フジテレビのドキュメンタリー枠『ザ・ノンフィクション』(毎週日曜14:00~ ※関東ローカル)で昨年10月に放送された番組『人殺しの息子と呼ばれて…』が書籍化(KADOKAWA刊)されたのを記念してこのほど、東京・新宿の紀伊國屋書店本店で、著者である番組チーフプロデューサーのフジテレビ・張江泰之氏と、ノンフィクション作家・豊田正義氏によるトークショーが行われた。注目を集めた番組の本ということもあって、会場は満員の盛況。なんと、“息子”からのメッセージも寄せられた。
頻繁にLINEする仲から次のステップへ
『人殺しの息子と呼ばれて…』は、2002年に発覚し、メディアが報道を差し控えたほどの残虐な方法で、犯人の親族ら7人が殺害された北九州連続監禁殺人事件の犯人の息子(当時24歳)が、初めてメディアのインタビューを受けたもの。

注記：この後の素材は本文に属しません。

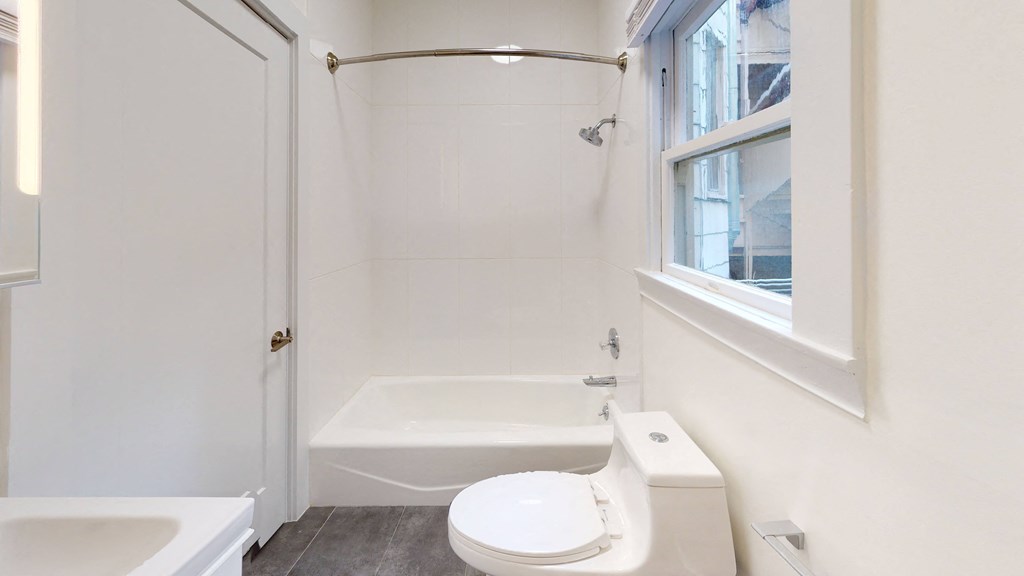 a bathroom with a white toilet and a tub and a window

今回の書籍は、張江氏による10時間にもおよぶインタビューの内容に加え、放送後の追加取材による息子の近況や、今後の展望まで収録。さらに、息子本人以外にも、後見人となった中学校時代の先生へのインタビューも行った“完全版”となっている。
一方の豊田氏は、この事件を追い続けベストセラーとなった『消された一家』の著者。 自らの取材経験をもとに、張江氏に番組制作の裏側などに切り込んでいった。

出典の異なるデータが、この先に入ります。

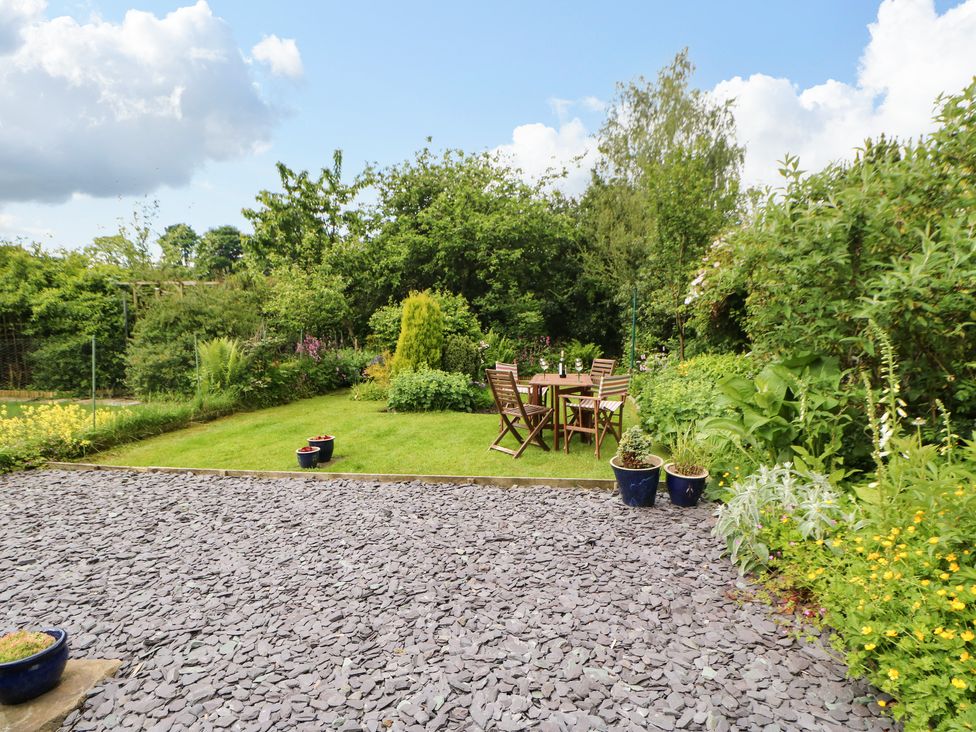 A garden with a wooden table and chairs on grass surrounded by plants and shrubs at Pine Cottage in Appleby-In-Westmorland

インタビューが実現したきっかけは、北九州の事件を追加取材した特番『追跡!平成オンナの大事件』に対し、息子がフジテレビに抗議の電話を入れてきたことだった。張江氏は「やっぱり来たか…」と思いながらもしっかりと向き合い、そこから毎日電話での交流がスタート。今では、事あるごとにLINEでやり取りする仲だ。
先日の西日本豪雨の際は、北九州も大雨に見舞われたことから「雨、大丈夫か?」と送ると「死にかけた…」との返信があるものの、まだ一度もご飯を一緒に食べに行ったことがないそう。張江氏は「次のステップとして、ようやく後見人の先生と3人で行こうという話になっているので、その時にまたいろんな話が待ち受けているのかな」と予感を語る。
普段は死刑執行してほしいと言うが…
息子の印象について、張江氏は「すごく弁が立ちますね。理路整然ときちんと理屈立てて話して、自分が言ったことに対してこう返してくるだろうという予測を2つ3つ先まで読んでいる感じがする」といい、父親の松永太死刑囚を取材した豊田氏は「それはDNAですね」と解釈。そのことは、本人も認めているようだ。

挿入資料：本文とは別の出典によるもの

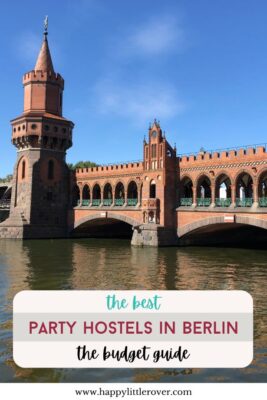A large red brick bridge with decorative turrets and towers, along with large porticos, rises above the brown Spree River under a blue sky. The text reads the best party hostels in Berlin the budget guide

息子は、そんな父親のことを知りたいという思いがある一方、母である緒方純子受刑者(無期懲役)については「(首謀者である)松永の言いなりになって、自分を守ってくれなかった」(張江氏)との思いから、憎悪の感情が強い。
それに対し、豊田氏は「彼が本当に1つ心理的に楽になるには、(母親が守ってくれなかったのは)松永のマインドコントロールなんだという分析ができて、母親に対して底の方に沈んでいる愛着が分かるようになれば」と願ったが、張江氏は「やっぱり、母親がなぜ息子を助けてくれなかったと思うのは当然だと思うんですよね」と理解を示した。
また先日、オウム真理教の麻原彰晃こと松本智津夫元死刑囚の刑が執行された際には、息子から真っ先に張江氏に連絡があったそう。「『死刑になったね』って言ってきて、その先は父親のことを言いたいんだろうけど、沈黙なんですよ。普段は『(死刑が)執行されてほしい』って言うんですけど、非常に複雑な心境なんだと思います」と振り返った。